Erosion happens at all beaches and is a natural process. According to the Waikato, New Zealand, Regional Council, most shorelines go back and forth between periods of sand erosion and sand build-up. The type of erosion known as short-term erosion caused by storms does not change the location of the shoreline, though full recovery can sometimes take decades. The presence of dune grasses aids with recovery. Long-term erosion tends to occur on hard coasts and is a permanent change in the coastline, such as when water levels rise or when cliffs erode.
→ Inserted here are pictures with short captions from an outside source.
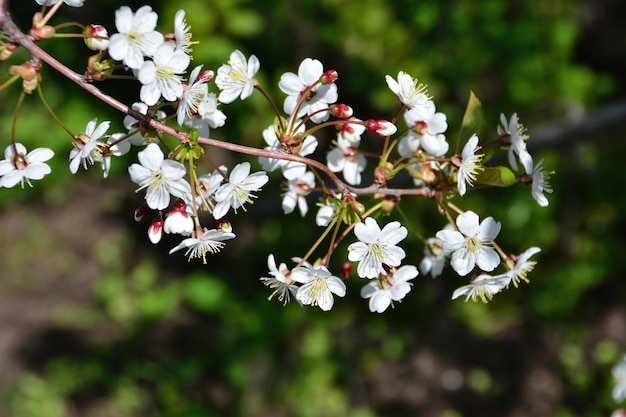 branch of blossoming cherry tree with white flowers and buds isolated in sunny day, close-up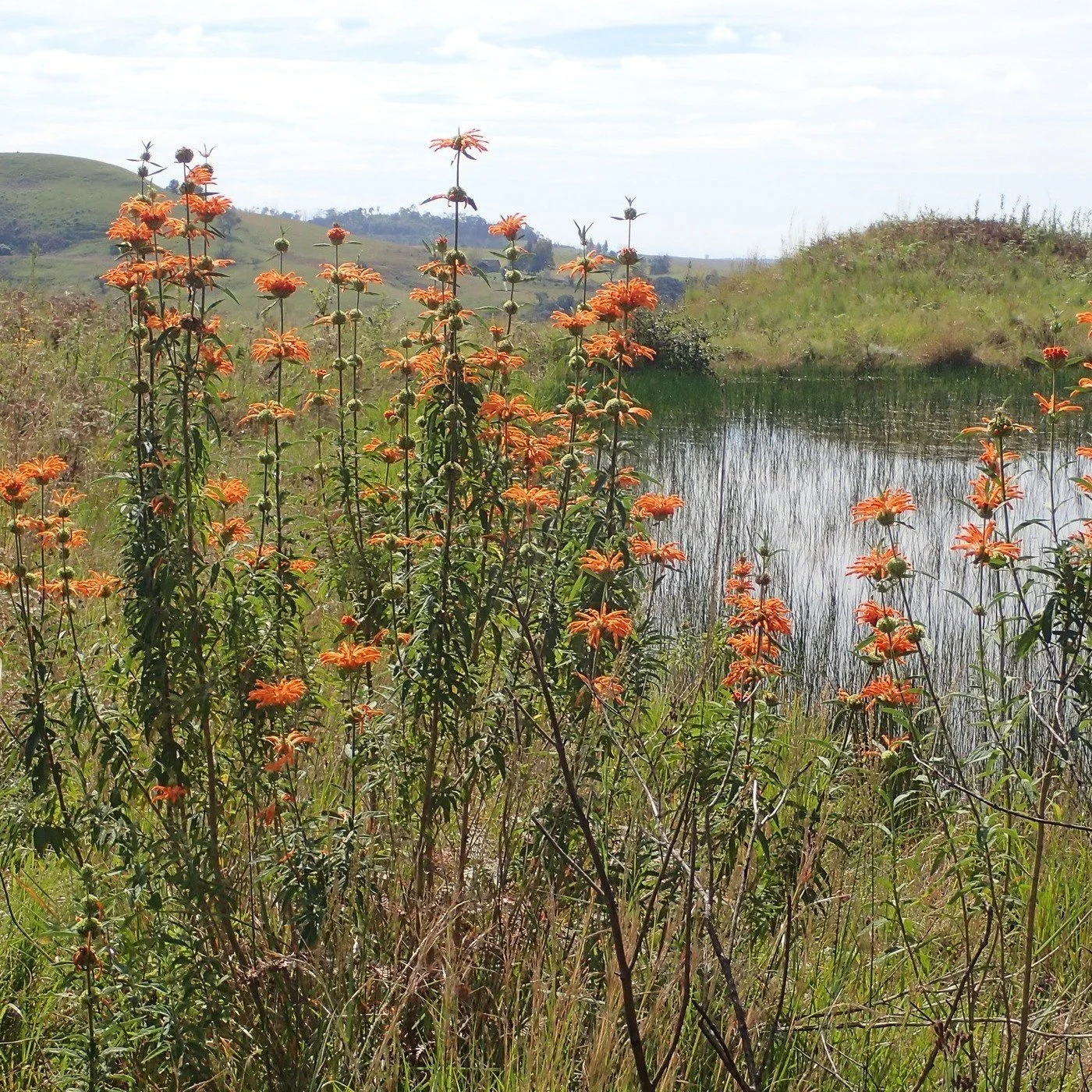 Lion's Tail Flower.jpeg
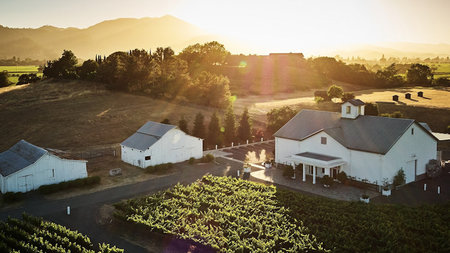 Napa's Luxury Wine Tasting Experiences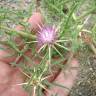 Fotografia 14 da espécie Centaurea calcitrapa do Jardim Botânico UTAD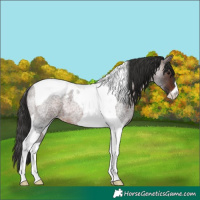 Horse Color:Brown Roan Tobiano Appaloosa 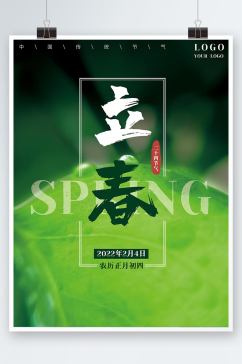 立春24节气春天简约绿色树叶植物海报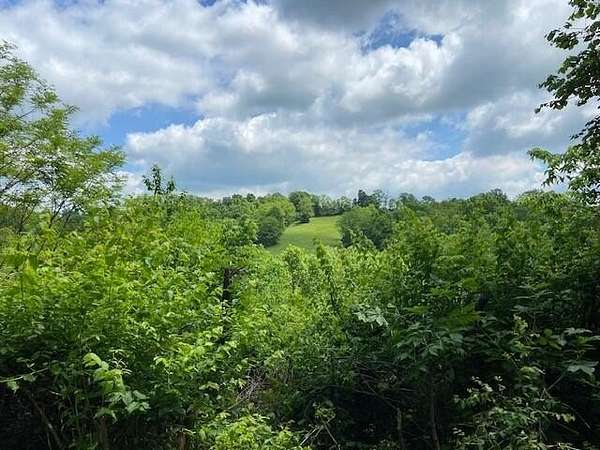 96 Acres of Land for Sale in Falmouth, Kentucky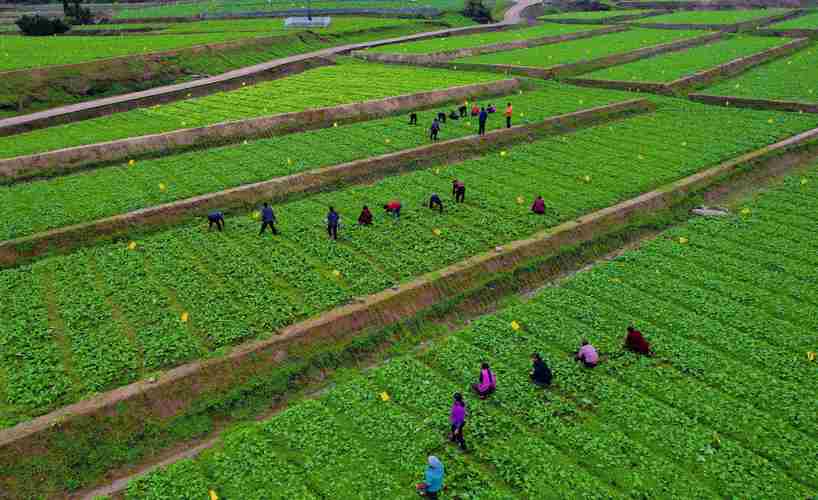 农田规模化种植意义,农田生态系统如何最大化利用农田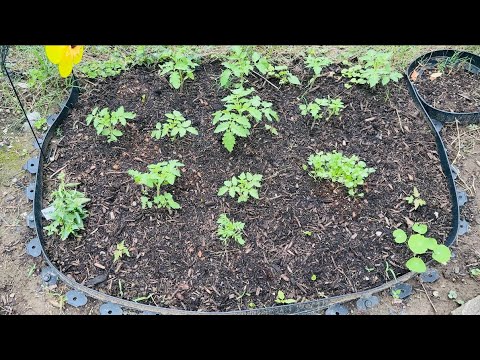 Garden Journey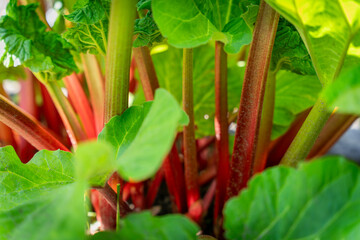 Obraz premium Red rhubarb. Ripe red stems of rhubarb (Rheum rhabarbarum) growing in vegetable garden.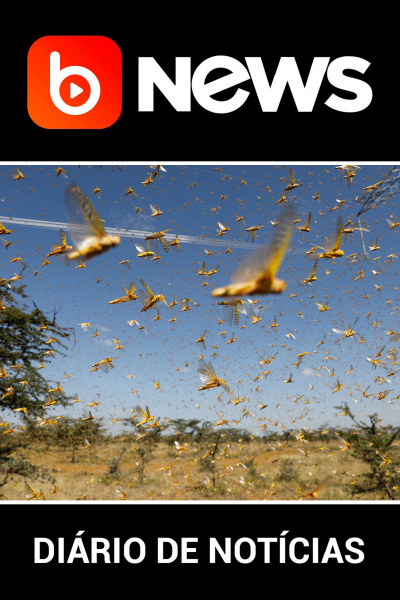 Diário de Notícias - 02/03/2020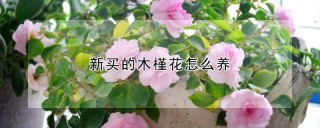 新买的木槿花怎么养,第1图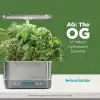 AeroGarden Harvest Elite Kapalı Bahçe Topraksız Sistemi - Paslanmaz Çelik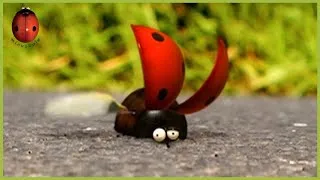 Miniature : On Your Marks, get set, go ! | Minuscule | 30' Compilation
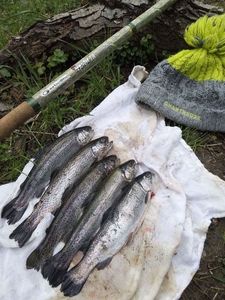 Rainbow Trout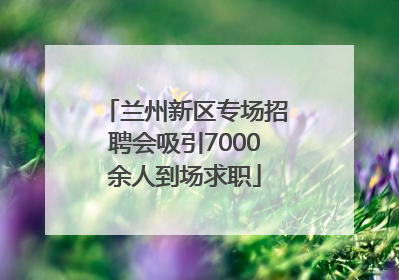 兰州新区专场招聘会吸引7000余人到场求职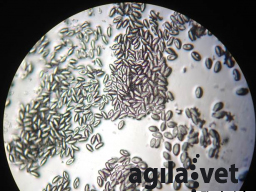 Webinar: Zeitgemäßes Endoparasitenmanagement beim Pferd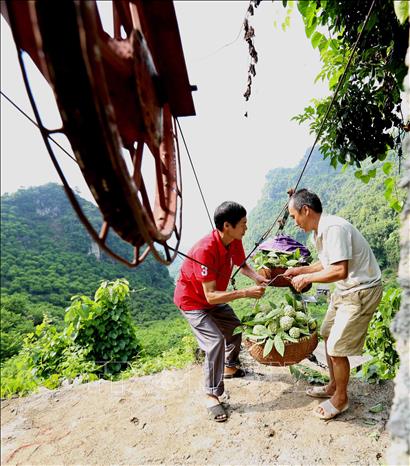 Trong ảnh: Nông dân vận chuyển sản phẩm na bằng tời tự chế từ trên núi cao xuống chợ để tiêu thụ. Ảnh: Vũ Sinh - TTXVN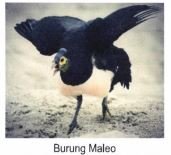 Trademark BURUNG MALEO + GAMBAR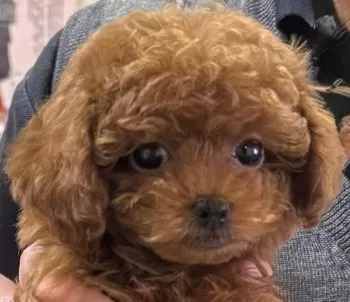 らんちゃんママ 様のお迎えした子犬
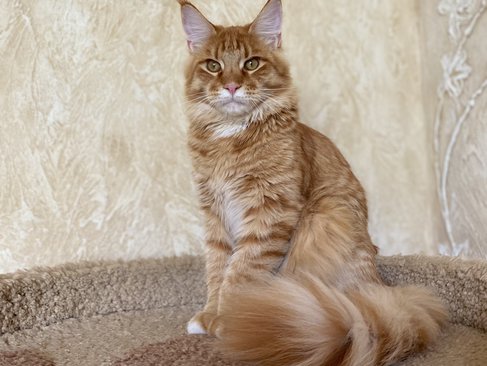 Merlin Dar Kata-Lei.RU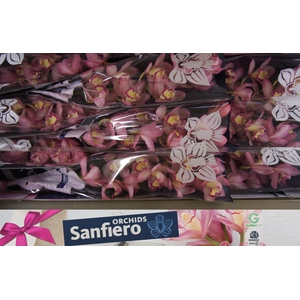 CYMB T SWEET CANDY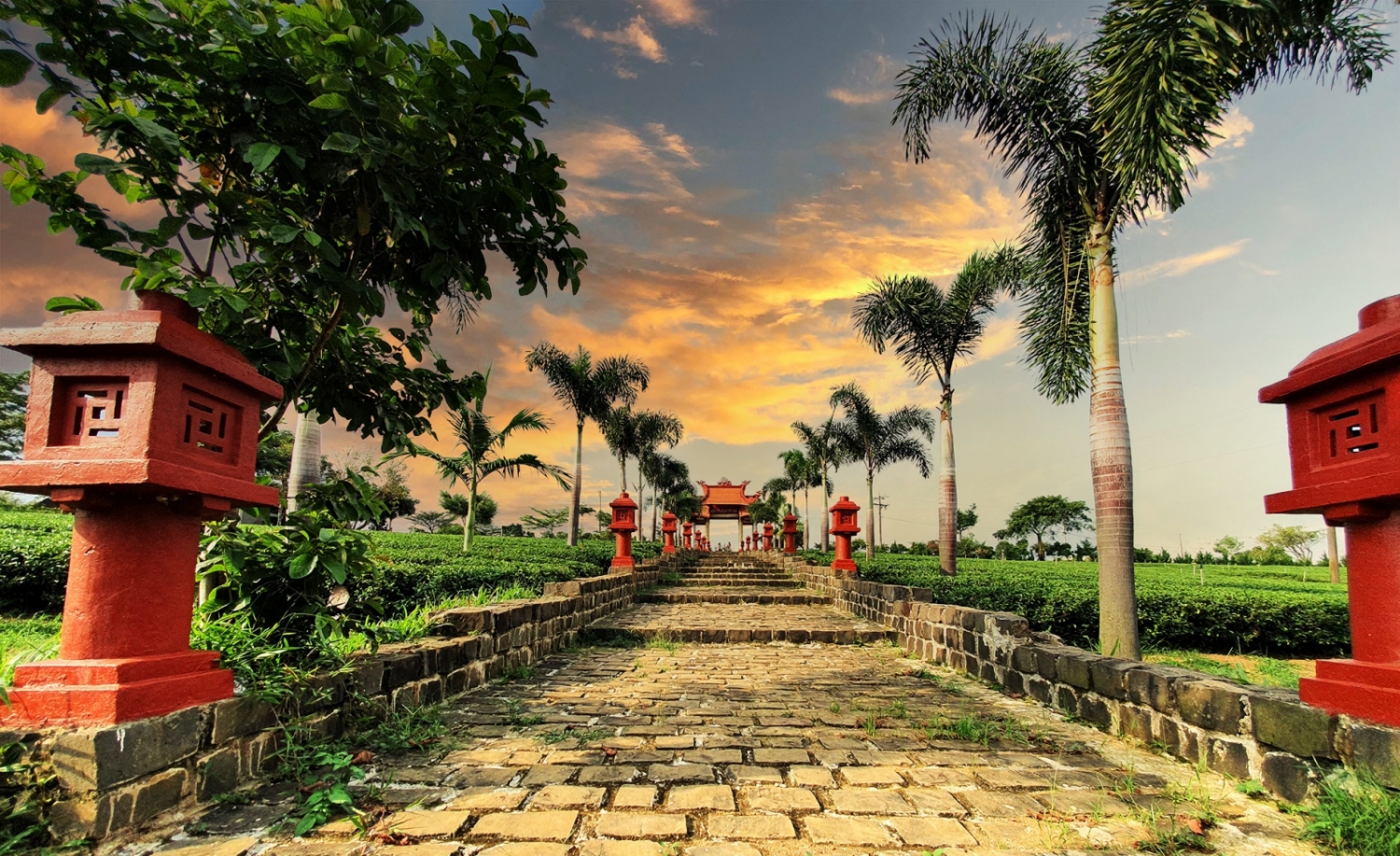 Ngắm khung cảnh bình yên của ngôi chùa lớn nhất Bảo Lộc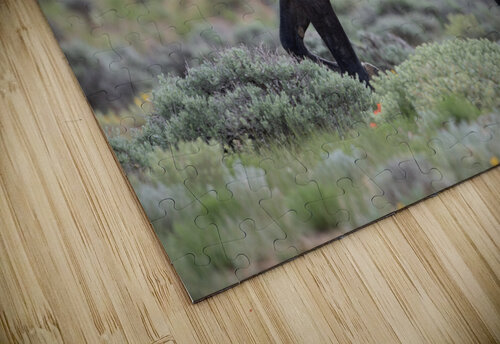 Badger Weekend Vibes Photography puzzle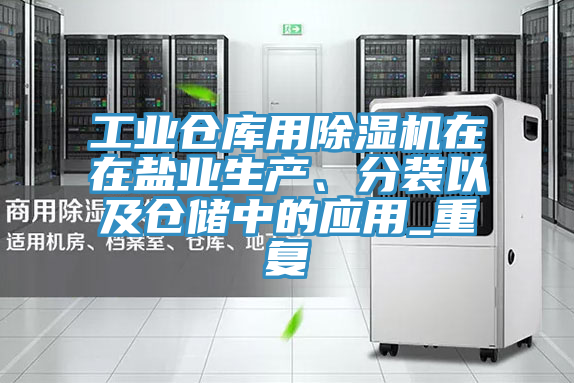 工業倉庫用草莓视频污污污污在在鹽業生產、分裝以及倉儲中的應用_重複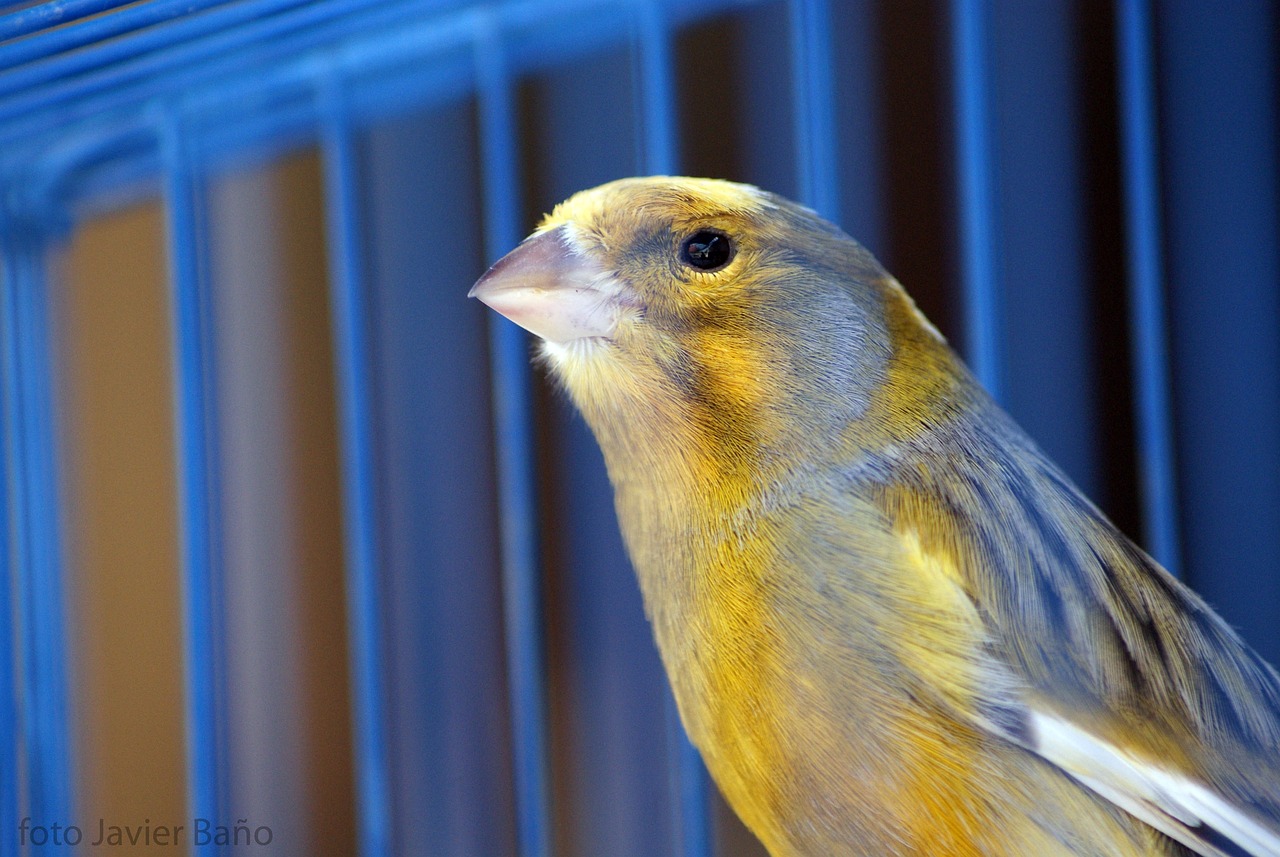 How to care for the common canary during molting periods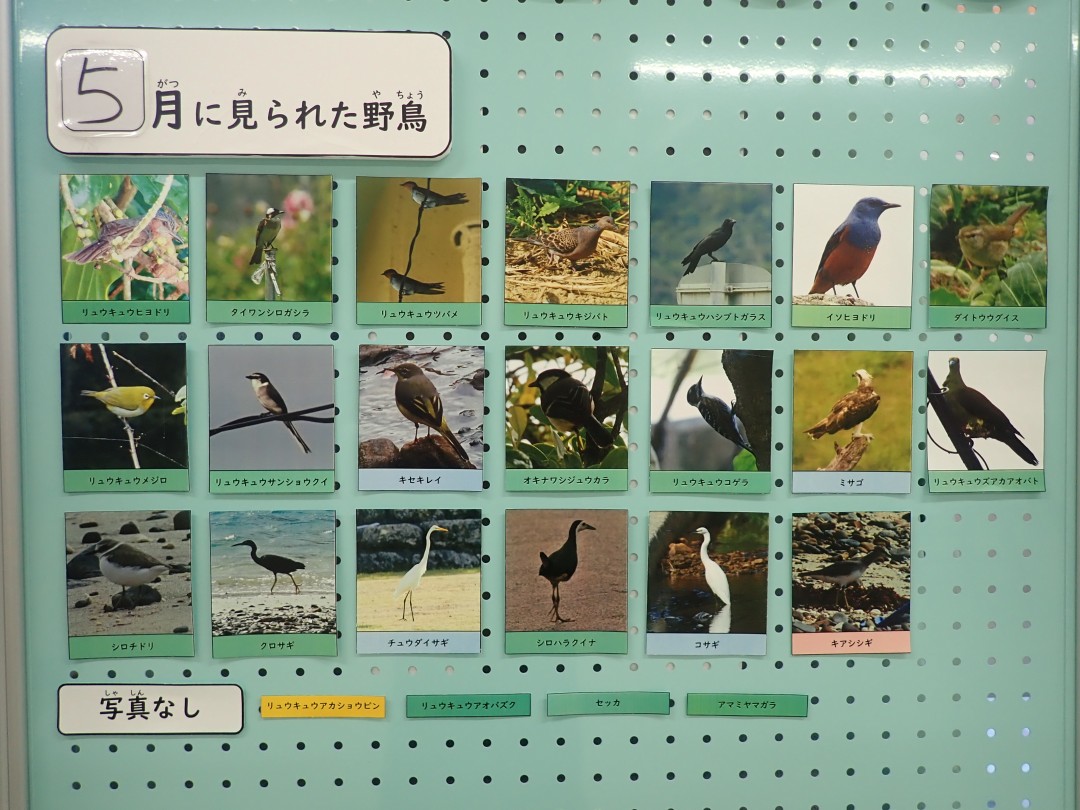 『月間 野鳥掲示板』結果発表！！～2025年5月～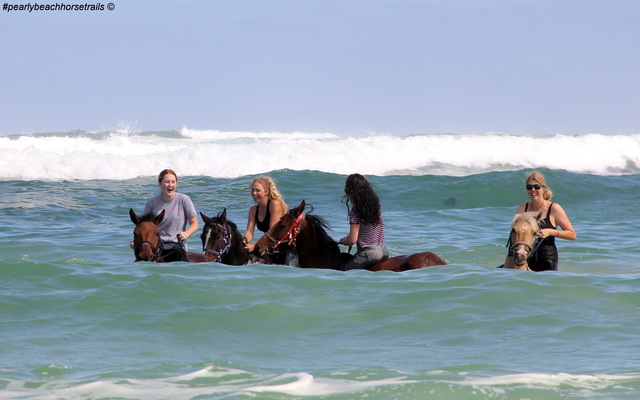 Pearly Beach Horse Trails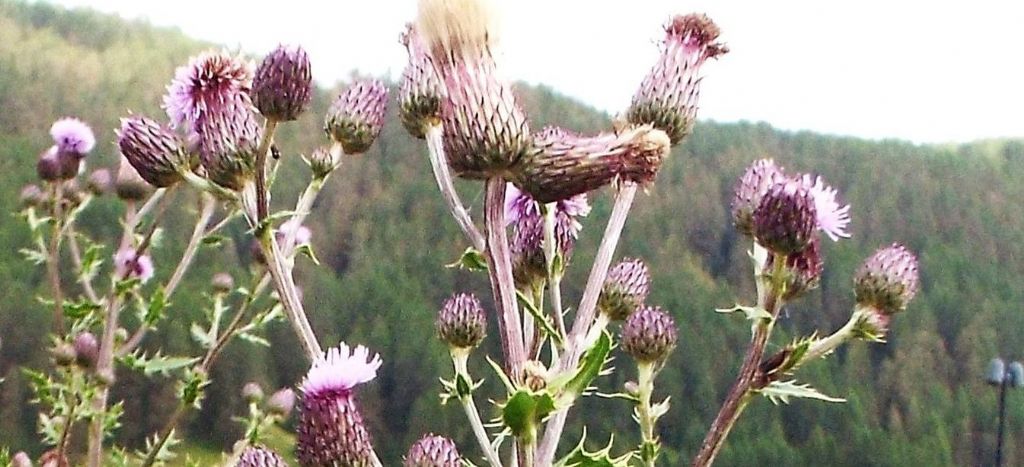 Cirsium?  Si, Cirsium arvense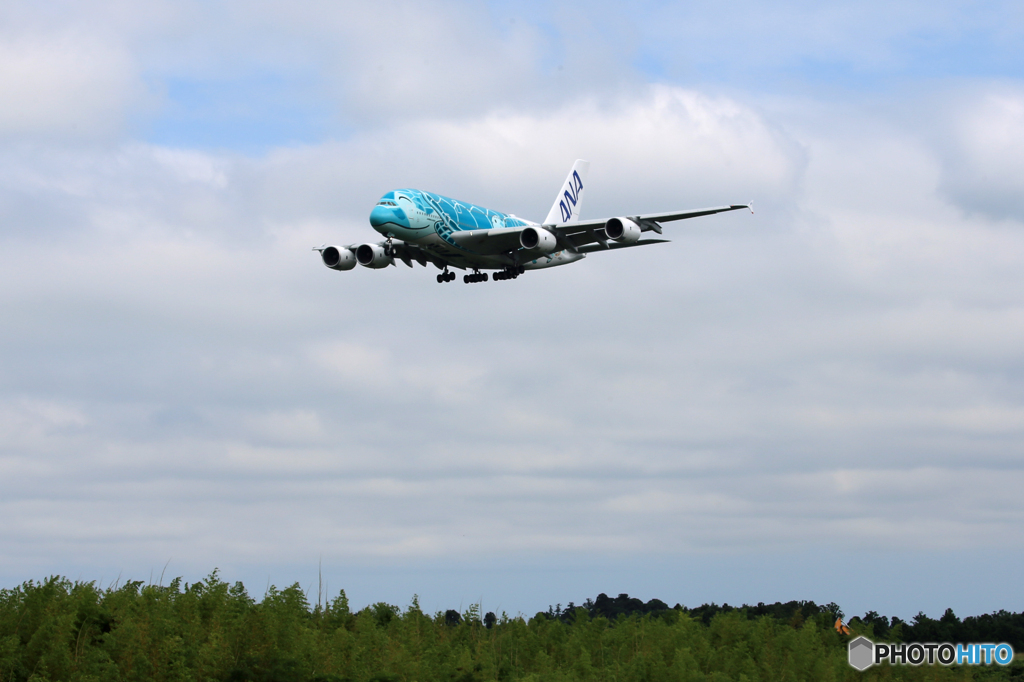 「曇り」ANA A380-841 JA382A  Landing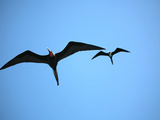 Ecuador  Galapagos  a Male and Female Frigate Bird Soar Overhead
Two main types of erosion identified by the Encyclopedia of New Zealand are: cut and fill erosion, which tends to be short-term, and permanent erosion, which is longer-term as the name implies.
Cut And Fill Erosion
Cut and fill erosion occurs when loose sediment--sand, gravel, and the like--are swept about by actions of the sea. Human activity can influence the rate of coastal erosion. Loss or damage of sand dunes or dune vegetation, and removal of coastal plants, make a coastline less stable and more susceptible to erosion. Human development that is too close to the shoreline contributes to destabilising the coastline. Global warming is also a factor. In areas of cut and fill erosion, the erosion may be cyclical with areas eroding away and later being built back up by the action of waves.
Permanent erosion occurs along rocky, hard coasts. In these locations the material is not replaced. Four processes cause permanent erosion: waves tossing beach material at the base of a cliff, hydraulic action when waves retreat pulling materials out of the cracks in cliffs, rocks and pebbles broken up by wave action and acids in seawater causing erosion in some types of rocky cliffs.
Headland erosion is a special type of erosion. A headland is made of hard rock reaching out into the sea causing areas of alternating hard and soft rock. Erosion of the soft rock causes bays to form alongside the headland. As erosion continues, caves, stumps and other rock features are formed. Creation of these rock features is a multi-stage process. First waves work their way into a weakness in the headland and a cave is formed. The cave may then erode, forming an arch. If the roof of the arch collapses, a stack is created. A stack looks like the desert formation known as a "hoodoo," a lone tower of rock. Finally, the tower may break and a stump barely at the water's surface is all that is left.